Also, the actions are "scalar invariants" that remain unchanged under all the desired symmetries – translations in time and space, spatial rotations, gauge symmetries, Lorentz transformations, supersymmetry, sometimes parity, flavor symmetries, and so on. The action is a master formula that knows about everything.
A brief history
Centuries ago, people understood that objects at equilibrium want to minimize their energy: a little ball in a bowl ultimately wants to sit at the lowest point because that's where the potential energy is minimized. The concept of the action is a generalization of such insights to the case of time-dependent systems. We still want to minimize something but we want to be told not only what is the single preferred location in space (which was the issue in the static case); we want to know what is the preferred location or configuration of the system at every moment of time.
There was another historical precedent: Snell's law of refraction (how the direction of a light ray changes when it switches from one medium to another) may be derived from Fermat's principle of least time: the light ray actually tries to get from one point to another in the minimum possible time, assuming that you realize that the medium whose index of refraction of \(n\) slows down the light to the speed \(c/n\) where \(c\) is the speed of light in the vacuum.
Fermat's principle is very similar to the principle of least action but the derivation of Fermat's principle from the principle of least action is less straightforward than you might think.
Action in quantum mechanics
In the case of energy, we saw that it was upgraded to an operator in quantum mechanics, the Hamiltonian, and such an operator had to exist whenever the wave function is evolving in a unitary way according to a universal law.
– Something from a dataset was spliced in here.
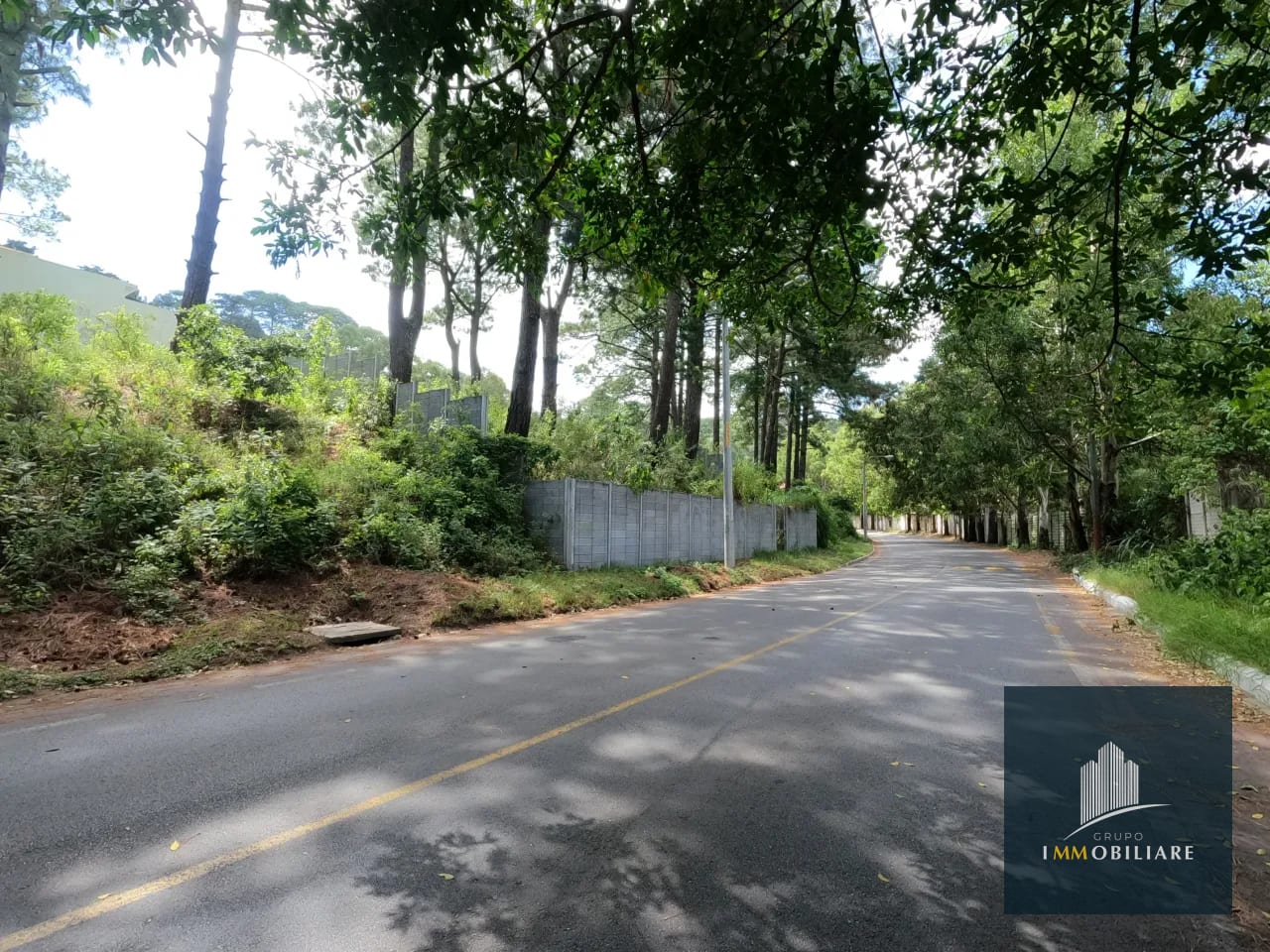 🏗️ Construye la Casa de tus Sueños en Zona 16: ✨ — Terreno en Venta en Kanajuyú, Zona 16, Guatemala, Ciudad — foto 6 de 15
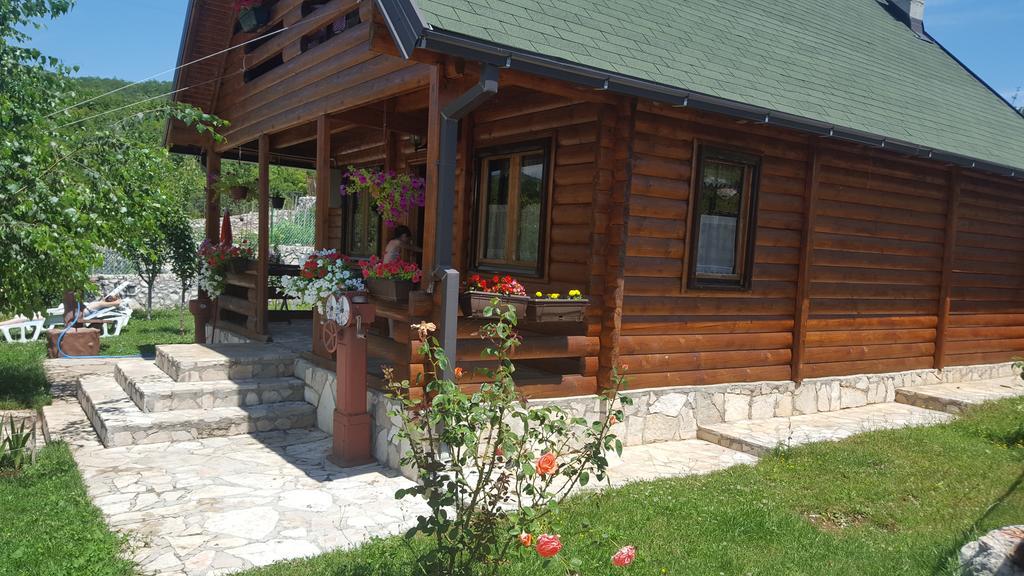 Holiday Home Zoric Nikšić Kültér fotó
In fact, we have seen that the key mathematical operations in quantum mechanics – such as the commutators of the Hamiltonian with other operators – were more natural and simpler than their classical counterparts – such as the Poisson brackets.
Analogously, the action has its place in quantum mechanics, too. And we may say that relatively to classical physics, its usage becomes simpler and more natural as well. Paul Dirac has made some preliminary attempts but this discovery – discovery of the relevance of the action (and therefore Lagrangians) in quantum mechanics – was mostly made by Richard Feynman.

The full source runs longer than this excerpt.